La participation française au
concept d’« ennemi intérieur »


Dans une solide enquête, Marie-Monique Robin retrace l’histoire de cette « doctrine française » et de ses développements peu connus en... Amérique latine (7). A travers des noms familiers ou non – Roger Trinquier, Pierre Château-Jobert, Marcel Bigeard, Charles Massu, Paul Aussaresses –, elle raconte comment nombre d’officiers ont pu passer sans (ou avec) états d’âme de la Résistance à la « guerre sale ». « Car si l’armée, note-t-elle, s’emploie à tirer les leçons de la guerre d’Indochine, ce n’est pas pour s’interroger sur les racines sociales ou économiques des mouvements nationaux dans les pays sous-développés ou sur l’inéluctabilité de la décolonisation. » Du point de vue de ces militaires, le conflit dépasse le cadre colonial français pour s’inscrire dans l’affrontement larvé opposant, par pays interposés, le Kremlin et le « monde libre ».

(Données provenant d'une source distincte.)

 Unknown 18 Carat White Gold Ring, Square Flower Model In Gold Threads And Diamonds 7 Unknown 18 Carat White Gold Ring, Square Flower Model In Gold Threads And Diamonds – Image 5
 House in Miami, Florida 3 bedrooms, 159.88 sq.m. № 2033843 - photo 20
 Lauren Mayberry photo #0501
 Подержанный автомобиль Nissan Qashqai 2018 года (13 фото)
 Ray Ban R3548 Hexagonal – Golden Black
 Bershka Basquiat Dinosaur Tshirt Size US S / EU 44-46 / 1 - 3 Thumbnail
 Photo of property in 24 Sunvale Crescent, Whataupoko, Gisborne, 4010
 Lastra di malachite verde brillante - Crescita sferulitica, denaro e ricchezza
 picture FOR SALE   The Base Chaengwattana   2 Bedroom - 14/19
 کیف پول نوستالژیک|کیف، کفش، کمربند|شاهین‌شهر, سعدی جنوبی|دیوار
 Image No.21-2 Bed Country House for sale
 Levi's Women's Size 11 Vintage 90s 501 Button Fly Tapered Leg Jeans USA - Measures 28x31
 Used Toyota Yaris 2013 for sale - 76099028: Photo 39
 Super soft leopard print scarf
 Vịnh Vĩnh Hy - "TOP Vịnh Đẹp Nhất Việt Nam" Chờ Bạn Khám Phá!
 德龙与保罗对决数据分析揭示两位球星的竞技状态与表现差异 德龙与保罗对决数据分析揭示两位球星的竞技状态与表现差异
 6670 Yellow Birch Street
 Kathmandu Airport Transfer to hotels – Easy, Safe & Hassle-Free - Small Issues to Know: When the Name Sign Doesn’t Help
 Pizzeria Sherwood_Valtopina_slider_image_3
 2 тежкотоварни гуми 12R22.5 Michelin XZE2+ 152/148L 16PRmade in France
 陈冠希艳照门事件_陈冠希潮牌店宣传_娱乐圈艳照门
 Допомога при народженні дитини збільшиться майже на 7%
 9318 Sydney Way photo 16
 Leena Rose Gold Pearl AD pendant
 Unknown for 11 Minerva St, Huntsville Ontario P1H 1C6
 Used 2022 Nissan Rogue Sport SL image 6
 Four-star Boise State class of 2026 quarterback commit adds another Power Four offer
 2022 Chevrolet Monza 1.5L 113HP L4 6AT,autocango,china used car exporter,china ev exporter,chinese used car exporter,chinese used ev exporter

« Dans une affaire aussi dangereuse que la guerre, écrira ultérieurement le colonel Trinquier, les erreurs dues à la bonté d’âme sont (...) la pire des choses. Comme l’usage de la force physique n’exclut nullement la coopération de l’intelligence, celui qui en use sans pitié et ne recule devant aucune effusion de sang prendra l’avantage sur son adversaire (8). » Face à un ennemi interne impossible à identifier, car disséminé dans la population, apparaît le concept de l’« ennemi intérieur ». Dès lors, une place prépondérante est accordée tant au « renseignement politique » qu’à l’« action policière ». Et, en Algérie, qui dit renseignement dira rapidement quadrillage urbain, interrogatoires et, finalement, torture. Avec le soutien implicite des autorités politiques, incapables d’assumer leurs responsabilités, « ces exactions systématiques sont l’expression d’une “révolution dans l’art de la guerre” censée répondre à la “guerre totale” menée par les rebelles par une politique de terreur dont l’enjeu est le ralliement des populations ».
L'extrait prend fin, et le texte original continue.